(derived from week 6-7 lecture material)
Health geography (or medical geography) is an area of health study that is a cross-disciplinary field between medicine and geography which deals with the geographic aspects of health and health care. The main themes in health geography include: disease ecology, health care delivery, and the relation between environment and health. GIS plays an important role in this field because health and disease always have a spatial dimension, and they are affected by where people live. Major applications for GIS in health Geography are the following:
- Spatial epidemiology (describing and understanding spatial variation in disease risk)
- Environmental hazard monitoring and management
- Modeling health services
- Identifying health inequalities
In many of these applications, issues such as great uncertainty or dependence in data often occurred. Careful attention has to be paid to how the data is prepared for analysis (e.g., normalization by specific population groups), how the analysis is conducted (e.g., using the appropriate spatial and temporal approach), and how the results are interpreted (e.g., watching out for ecological fallacies).
Application Example (Dengue Fever tutorial)

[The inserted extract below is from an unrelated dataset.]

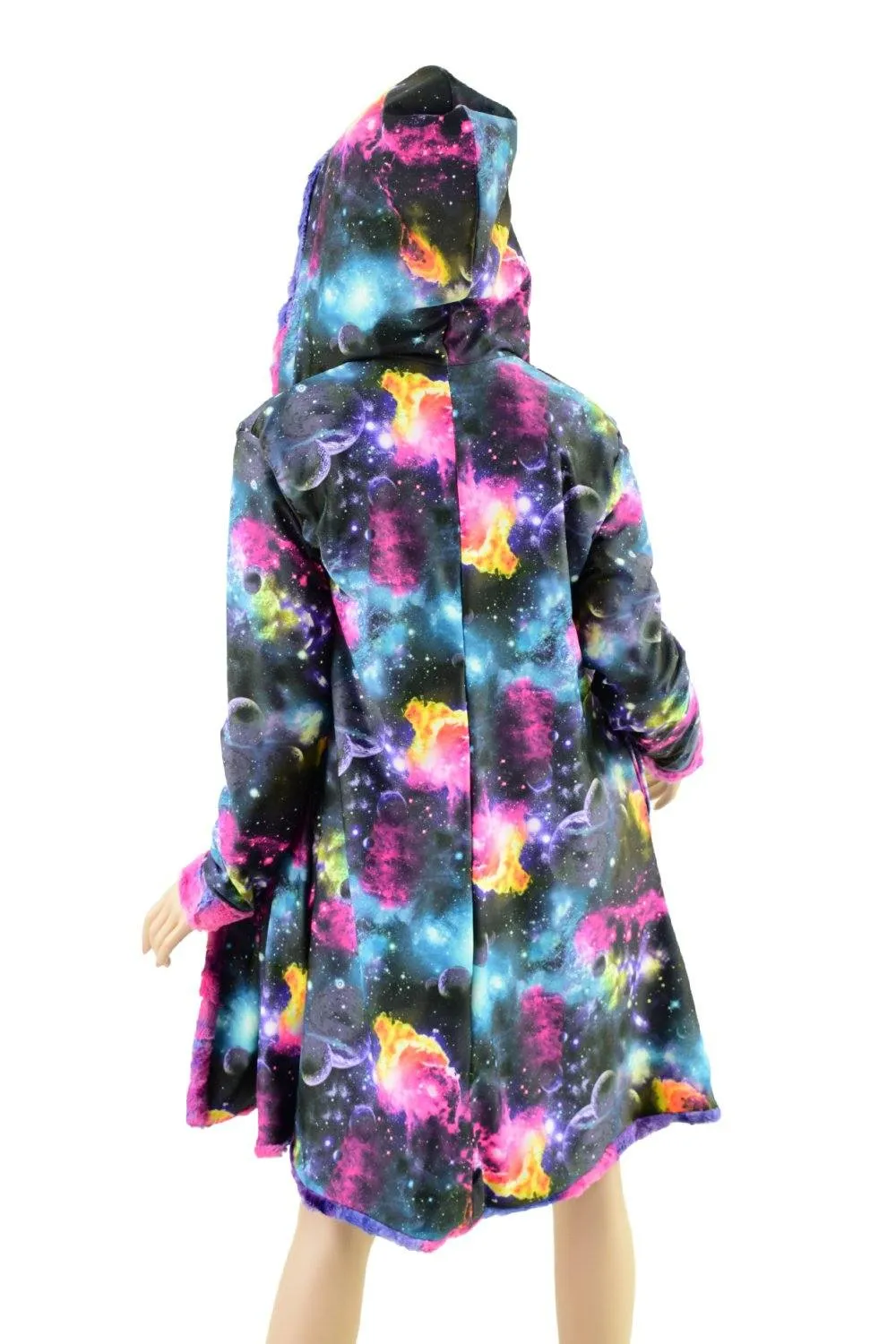 Minky A Line Reversible Coat in Razzle Dazzle and Galaxy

In this example, we will explore the spatial pattern of Dengue Fever in Pennathur, a village in Southern India. Dengue Fever is a painful, potentially fatal illness that is spread by a tiny mosquito, and unfortunately it is quite common in Southeast Asia and Central America. It is estimated that as many as 100 million people contract this disease each year. Hotspot analysis was performed using spatial statistic tools in ArcGIS. The result is showed in the figure below.
It can be observed that hot spots are clustered around a specific neighbourhood near the center of the map while cold spots are distributed along a road at the northwest corner. This suggests contracting Dengue fever is not a random event. Further studies are required to identify the factors that are contributing to the high rates of Dengue in the hot spot areas.

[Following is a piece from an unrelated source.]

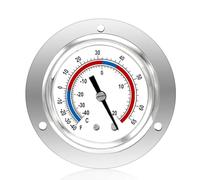 Eieenotee Jauge de Réfrigération de Capillaire de Thermomètre de Refroidisseur, -40 à 65 ℉ / -40 à 20 ℃, Support de Panneau en Acier Inoxydable à Cadran de 2 Pouces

Sample Research Paper Review (Assignment 2)
[Rosero-Bixby, L. (2004). Spatial access to health care in Costa Rica and its equity: a GIS-based study. Social Science & Medicine, 58(7), 1271-1284. http://dx.doi.org/10.1016/s0277-9536(03)00322-8]
The research assesses the equity in access to health care in Costa Rica. This study assembles a geographic information system to relate the 2000 census population with an inventory of health facilities.
Firstly, the author evaluated the health care accessibility with a simple indicator of closeness of facilities to a given residential place. This was done by (1) calculating Euclidean distance between the centroid of each cell and the closest facility on the map. (2) Setting a threshold distance beyond which one can assume that population in the certain cell were not meeting their needs for health care. (3) Classifying the cells based on below or above the threshold distance. (4) The total population in cells above the threshold were identified as “underserved”. The result indicated 12-13% of the total population had unmet medical demand.
In densely populated areas, there are usually more than one facility around a cell. People not necessarily go to the nearest facility. They may go to a further one which is larger or less crowded. To account for this situations, the author develop a more complex index based on a discrete choice model that is well known in economy studies. The model assumes that people choose a facility after comparing characteristics of all possible choices. To determine how each characteristic affects the decision, the conditional logistic regression method was applied. This method is similar to exploratory regression but logistic regression is used when the dependent variable is categorical (e.g., in this case, yes or no for choosing a certain facility). The method identified that MD hours, distance, whether created in the 1990s and whether EBAIS is present are the most important variables that affect the probability whether an individual chooses a specific facility. The index of each cell is the sum of probabilities for all facilities within 25 km. This more complex model yielded a result as 12-14% of the population were “underserved”, which agreed with the Euclidean distance model.